IMHO there are 5 types typically of tropes and the JOAT:

  1. Fragile Speedster high speed, low toughness
  2. Glass Cannon high power, low toughness
  3. Brick Wall high toughness low offense
  4. Mighty Glacier high power low speed
  5. One Hit Wonder high power low stamina
  6. Jack of all Options
i don't disagree that there should be more more martial class archetypes, but my point is that casters have entire lists of 'extra class abilities', because IMO that's what spells functionally are, at level 10 a ('24)cleric has 5 cantrips and 15 prepared spells all distinct abilities, martials lack access to such an array of abilities to be able to properly customise and optimise themselves for different roles and purposes.
 

Reasonably magical for a few of the schools. The Desert Wind school, as an example, could produce cones of fire, or an inferno blast that did 100 damage.
how much is 'a few of the schools'? you make it sound more of the exception rather than the rule, is it reasonable to infer from that that some of the other schools stuck to more of the purely skill based faire?
 

how much is 'a few of the schools'? you make it sound more of the exception rather than the rule, is it reasonable to infer from that that some of the other schools stuck to more of the purely skill based faire?
Most of the schools are probably preternatural, but not obviously supernatural. The schools that are restricted to swordsage and crusader, which are a little more "supernatural" by intent, have more obviously supernatural elements. The schools that warblades use, which is the most "fighter-like" of the 9 Swords classes, are basically "fighter+".

I mean, these are some of the 9th level manuevers open to Warblades:

Strike of Perfect Clarity:StrikeDeal +100 damage on single attack.
Mountain Tombstone Strike:StrikeAttack deals 2d6 Constitution damage.
Feral Death Blow:StrikeLeap upon foe, slay him with a single strike.

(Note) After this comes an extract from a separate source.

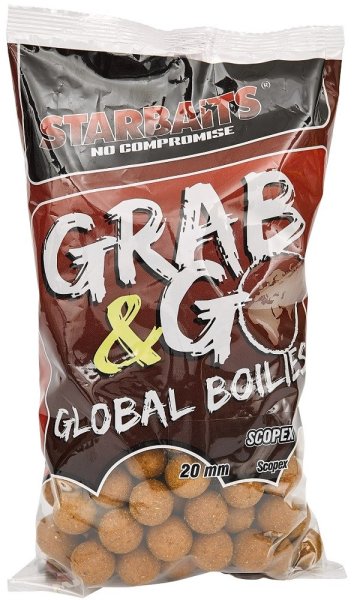 Starbaits Boilies Grab & Go Global Scopex 2,5kg 20mm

They strike me as obviously strong, but nothing that screams "that fighter is actually a wizard".

Link for reference.
 



i don't disagree that there should be more more martial class archetypes, but my point is that casters have entire lists of 'extra class abilities', because IMO that's what spells functionally are, at level 10 a ('24)cleric has 5 cantrips and 15 prepared spells all distinct abilities, martials lack access to such an array of abilities to be able to properly customise and optimise themselves for different roles and purposes.

I don't disagree with you My point is the reason why there aren't predescribed martial features is because the community does not agree on what combat abilities martial characters should have at high levels so there's nothing to create beyond the base combat system.